Fantastic, his impertinence: a pullover on such an occasion! In Bonn? Halbach! nu toller Hund ! But Halbach is from Berlin, and Berliners are famous for their arrogance; one day he will lead us all, so young and yet already so successful.

The murmur rose to a roar, a visceral, hungry, loving roar, deeper than any single throat, more pious than any single soul, more loving than any single heart; and died again, whispering down, as the first quiet chords of music struck. The Town Hall receded and the scaffolding stood before them. A preacher's pulpit, a captain's bridge, a conductor's rostrum? A child's cradle, a plain coffin of boldly simple wood, grandiose yet virtuous, a wooden grail, housing the German truth. Upon it, alone but valiant, the truth's one champion, a plain man known as Karfeld.

'Peter.' Turner gently pointed into the tiny alley. His hand was shaking but his eye was quite steady. A shadow? A guard taking up his post?

'I wouldn't point any more if I was you,' de Lisle whispered. 'They might misunderstand you.'

But in that moment, no one paid them any heed, for Karfeld was all they saw.

'Der Klaus!' the crowd was calling. 'Der Klaus is here!' Wave to him, children; der Klaus, the magic man, has walked all the way to Bonn on stilts of German pine.

'He is very English, der Klaus,' he heard de Lisle murmur. 'Although he hates our guts.'

He was such a little man up there. They said he was tall; and it would have been easy enough, with so much artifice, to raise him a toot or so, but he seemed to wish to be diminished, as if to emphasise that great truths are found in humble mouths; for Karfeld was a humble man, and English in his diffidence. And Karfeld was a nervous man too,

bothered by his spectacles, which he had not had time to clean, apparently, in these busy days, for now he took them off and polished them as if he did not know he was observed: it is the others who make the ceremony, he was telling them, before he had said a word; it is you and I who know why we are here.

Let us pray.

'The lights are too bright for him,' someone said. 'They should reduce the lights.'

He was one of them, this isolated Doctor; a good deal of brain power no doubt, a good deal above the ears, but still one of them at the end of it, ready to step down at any time from that high place if someone better came along. And not at all a politician. Quite without ambition, in fact, for he had only yesterday promised to stand down in favour of Halbach if that was the people's will. The crowd whispered its concern. Karfeld looks tired, he looks fresh; he looks well; Karfeld looks ill, older, younger, taller, shorter... It is said he is retiring; no, he will give up his factory and work full time on politics. He cannot afford it; he is a millionaire.
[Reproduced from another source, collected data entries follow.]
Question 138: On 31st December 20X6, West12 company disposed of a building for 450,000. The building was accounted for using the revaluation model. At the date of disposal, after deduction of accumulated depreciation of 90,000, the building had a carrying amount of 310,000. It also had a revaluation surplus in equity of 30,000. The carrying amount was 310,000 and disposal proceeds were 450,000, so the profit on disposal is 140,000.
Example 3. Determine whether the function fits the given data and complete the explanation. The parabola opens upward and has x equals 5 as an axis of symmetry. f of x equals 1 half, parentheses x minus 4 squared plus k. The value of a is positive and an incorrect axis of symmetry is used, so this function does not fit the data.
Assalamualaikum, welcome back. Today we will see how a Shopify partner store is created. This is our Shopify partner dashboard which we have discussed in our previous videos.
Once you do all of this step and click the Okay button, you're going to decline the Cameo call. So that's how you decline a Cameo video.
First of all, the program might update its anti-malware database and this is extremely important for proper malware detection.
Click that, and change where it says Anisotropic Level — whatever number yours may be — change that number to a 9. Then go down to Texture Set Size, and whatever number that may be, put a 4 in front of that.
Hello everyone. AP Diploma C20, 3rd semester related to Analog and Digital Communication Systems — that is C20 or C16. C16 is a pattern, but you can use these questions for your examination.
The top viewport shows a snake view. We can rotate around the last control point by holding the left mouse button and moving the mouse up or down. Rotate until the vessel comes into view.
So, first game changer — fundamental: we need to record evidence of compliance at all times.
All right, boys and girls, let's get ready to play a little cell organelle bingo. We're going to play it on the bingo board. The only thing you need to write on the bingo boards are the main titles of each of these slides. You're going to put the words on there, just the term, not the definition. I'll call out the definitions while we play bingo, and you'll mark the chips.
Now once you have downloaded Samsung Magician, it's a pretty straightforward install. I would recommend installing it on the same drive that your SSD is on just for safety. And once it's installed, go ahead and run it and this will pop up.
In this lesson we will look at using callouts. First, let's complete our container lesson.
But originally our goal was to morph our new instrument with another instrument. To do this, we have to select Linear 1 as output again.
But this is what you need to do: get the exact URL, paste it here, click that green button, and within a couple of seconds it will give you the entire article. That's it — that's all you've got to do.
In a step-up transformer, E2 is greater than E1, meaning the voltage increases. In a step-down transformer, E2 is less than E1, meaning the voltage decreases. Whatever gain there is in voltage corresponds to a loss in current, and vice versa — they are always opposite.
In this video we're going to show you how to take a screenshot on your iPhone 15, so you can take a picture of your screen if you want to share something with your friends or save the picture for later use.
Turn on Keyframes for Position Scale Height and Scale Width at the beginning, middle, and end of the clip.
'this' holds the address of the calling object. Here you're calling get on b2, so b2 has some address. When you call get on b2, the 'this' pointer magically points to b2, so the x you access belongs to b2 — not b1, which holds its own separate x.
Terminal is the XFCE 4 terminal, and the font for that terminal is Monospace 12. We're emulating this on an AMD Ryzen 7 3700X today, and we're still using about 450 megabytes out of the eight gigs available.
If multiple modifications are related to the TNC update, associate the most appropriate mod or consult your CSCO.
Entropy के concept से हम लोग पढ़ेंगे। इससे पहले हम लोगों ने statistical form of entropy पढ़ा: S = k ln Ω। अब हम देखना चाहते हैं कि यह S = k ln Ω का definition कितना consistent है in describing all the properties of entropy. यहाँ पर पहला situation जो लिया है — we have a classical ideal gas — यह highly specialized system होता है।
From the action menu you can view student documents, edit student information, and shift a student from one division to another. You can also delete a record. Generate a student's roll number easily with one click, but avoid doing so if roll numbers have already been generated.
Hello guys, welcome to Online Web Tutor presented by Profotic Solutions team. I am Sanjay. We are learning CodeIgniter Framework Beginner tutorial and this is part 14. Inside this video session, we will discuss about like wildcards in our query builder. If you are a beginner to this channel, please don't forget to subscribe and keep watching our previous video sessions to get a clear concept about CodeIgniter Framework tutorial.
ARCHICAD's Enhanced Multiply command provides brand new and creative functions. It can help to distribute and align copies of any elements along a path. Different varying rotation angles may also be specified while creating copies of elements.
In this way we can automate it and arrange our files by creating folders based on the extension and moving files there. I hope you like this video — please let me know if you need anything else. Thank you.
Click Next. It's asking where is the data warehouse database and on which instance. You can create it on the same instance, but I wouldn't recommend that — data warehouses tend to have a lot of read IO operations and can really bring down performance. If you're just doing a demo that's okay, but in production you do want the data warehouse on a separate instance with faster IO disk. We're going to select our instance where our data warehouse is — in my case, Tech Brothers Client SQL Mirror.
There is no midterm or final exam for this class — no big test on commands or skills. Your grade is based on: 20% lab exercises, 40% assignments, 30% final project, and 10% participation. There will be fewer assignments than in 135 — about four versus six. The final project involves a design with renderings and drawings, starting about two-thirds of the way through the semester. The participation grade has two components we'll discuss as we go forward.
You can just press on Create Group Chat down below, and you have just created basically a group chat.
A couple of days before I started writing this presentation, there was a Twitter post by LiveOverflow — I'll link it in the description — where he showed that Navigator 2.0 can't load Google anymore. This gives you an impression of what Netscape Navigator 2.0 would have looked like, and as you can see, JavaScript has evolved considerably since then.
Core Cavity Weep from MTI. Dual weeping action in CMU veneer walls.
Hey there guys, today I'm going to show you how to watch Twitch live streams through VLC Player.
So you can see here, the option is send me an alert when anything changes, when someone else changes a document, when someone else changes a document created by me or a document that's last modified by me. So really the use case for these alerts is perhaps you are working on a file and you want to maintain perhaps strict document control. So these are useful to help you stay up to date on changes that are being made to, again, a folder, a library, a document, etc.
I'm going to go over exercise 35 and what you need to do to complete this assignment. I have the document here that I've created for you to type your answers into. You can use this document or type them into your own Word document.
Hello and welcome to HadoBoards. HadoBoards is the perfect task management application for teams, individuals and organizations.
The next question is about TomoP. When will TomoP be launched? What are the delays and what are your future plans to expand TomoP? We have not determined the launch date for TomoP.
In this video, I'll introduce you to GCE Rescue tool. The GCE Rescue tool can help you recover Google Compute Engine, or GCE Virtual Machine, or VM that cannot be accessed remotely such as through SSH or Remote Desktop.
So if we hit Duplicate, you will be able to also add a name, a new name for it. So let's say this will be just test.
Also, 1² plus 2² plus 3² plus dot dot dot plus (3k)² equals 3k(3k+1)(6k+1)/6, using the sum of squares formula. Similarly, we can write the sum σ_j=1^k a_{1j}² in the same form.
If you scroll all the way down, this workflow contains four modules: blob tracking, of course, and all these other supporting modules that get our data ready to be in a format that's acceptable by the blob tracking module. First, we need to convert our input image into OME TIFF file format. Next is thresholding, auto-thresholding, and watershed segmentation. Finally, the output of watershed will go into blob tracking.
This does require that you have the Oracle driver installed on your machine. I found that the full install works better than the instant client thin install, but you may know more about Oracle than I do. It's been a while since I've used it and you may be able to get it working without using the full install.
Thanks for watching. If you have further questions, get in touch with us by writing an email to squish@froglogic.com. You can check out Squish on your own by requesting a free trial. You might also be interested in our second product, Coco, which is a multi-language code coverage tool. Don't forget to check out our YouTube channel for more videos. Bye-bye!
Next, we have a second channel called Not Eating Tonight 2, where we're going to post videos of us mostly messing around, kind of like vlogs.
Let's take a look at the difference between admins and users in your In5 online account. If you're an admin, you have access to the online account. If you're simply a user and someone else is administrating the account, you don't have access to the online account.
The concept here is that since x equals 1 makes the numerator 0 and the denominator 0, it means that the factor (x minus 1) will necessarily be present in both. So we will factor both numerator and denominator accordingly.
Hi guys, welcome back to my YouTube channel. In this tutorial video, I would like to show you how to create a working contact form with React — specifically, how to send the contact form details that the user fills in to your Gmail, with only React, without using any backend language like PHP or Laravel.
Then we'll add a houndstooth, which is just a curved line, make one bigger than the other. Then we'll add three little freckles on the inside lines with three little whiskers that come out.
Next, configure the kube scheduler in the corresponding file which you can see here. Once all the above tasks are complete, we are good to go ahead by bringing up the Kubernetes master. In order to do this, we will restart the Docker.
Quietly he began speaking.

No one introduced him, he did not say his name. The note of music which announced his coming had no companions, for Klaus Karfeld is alone up there, quite alone, and no music can console him. Karfeld is not a Bonn windbag; he is one of us for all his intellect: Klaus Karfeld, doctor and citizen, a decent man decently concerned about the fate of Germany, is obliged, out of a sense of honour, to address a few friends. It was so softly, so unobtrusively done, that to Turner it seemed that the whole massive gathering actually inclined its ear in order to save Karfeld the pain of raising his voice.